A three-judge panel of the 9th U.S. Circuit Court of Appeals unanimously kept in place a preliminary injunction blocking Trump's decision to phase out the Deferred Action for Childhood Arrivals program.

Lawsuits by California and others challenging the administration's decision will continue in federal court while the injunction remains in place.

In Thursday's ruling, 9th Circuit Judge Kim Wardlaw said California and other plaintiffs were likely to succeed with their claim that the decision to end DACA was arbitrary and capricious.

She said the court is not trying to infringe on the president's power regarding immigration law and instead wants to enable the exercise of that authority "in a manner that is free from legal misconceptions and is democratically accountable to the public."

The Trump administration has said it moved to end the program last year because Texas and other states threatened to sue, raising the prospect of a chaotic end to DACA.

An email to the U.S. Department of Justice was not immediately returned.

DACA has protected some 700,000 people who were brought to the U.S. illegally as children or came with families that overstayed visas.
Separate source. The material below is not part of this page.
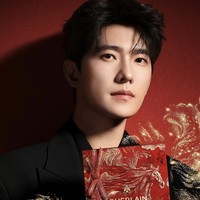 Apakah kamu Tim Zhang Linghe atau Tim Yang Yang? Ini jadi salah satu perdebatan terpanas di media sosial saat ini, di mana para penggemar terbagi pendapat tentang siapa yang benar-benar memegang gelar visual terbaik di Tiongkok. Tahun ini, Yang Yang sedang syuting drama politik sejarah berjudul Bu Rang Jiang Shan, di mana ia memerankan peran utama sebagai Li Chi. Foto: Dok. Weibo, Instagram, iQiyi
Trump's decision to end it prompted lawsuits across the nation, including one by California. A judge overseeing that lawsuit and four others ruled against the administration and reinstated the program in January.

U.S. District Judge William Alsup rejected the argument that then-President Barack Obama had exceeded his power in creating DACA and said the Trump administration failed to consider the disruption that ending the program would cause.
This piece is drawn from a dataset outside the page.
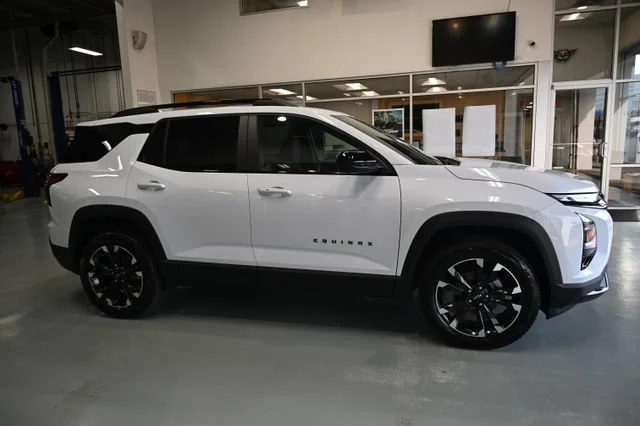 New 2027 Polar White Tricoat Chevrolet RS image 4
The Trump administration then asked the 9th Circuit to throw out Alsup's ruling.

During a hearing in May, Deputy Assistant Attorney General Hashim Mooppan argued that the courts could not review the administration's decision to end DACA and defended the move against assertions that it was arbitrary and capricious.

"It's a question of an agency saying, 'We're not going to have a policy that might well be illegal,'" Mooppan told the judges. "That is a perfectly rational thing to do."

Mooppan said the administration was under no obligation to consider the fact that people had come to rely on DACA.

The judges on the 9th Circuit panel appeared skeptical of the argument that the DACA decision was beyond the court's authority to review.

Wardlaw noted at the previous hearing that another appeals court had reviewed a similar Obama administration immigration policy.

Judge Jacqueline Nguyen questioned whether courts could intervene if they thought DACA was legal and disagreed with the administration's position that it wasn't.

The administration has been critical of the 9th Circuit and took the unusual step of trying to sidestep it and have the California DACA cases heard directly by the U.S. Supreme Court. The high court in February declined to do so.

Federal judges in New York and Washington also have ruled against Trump on DACA.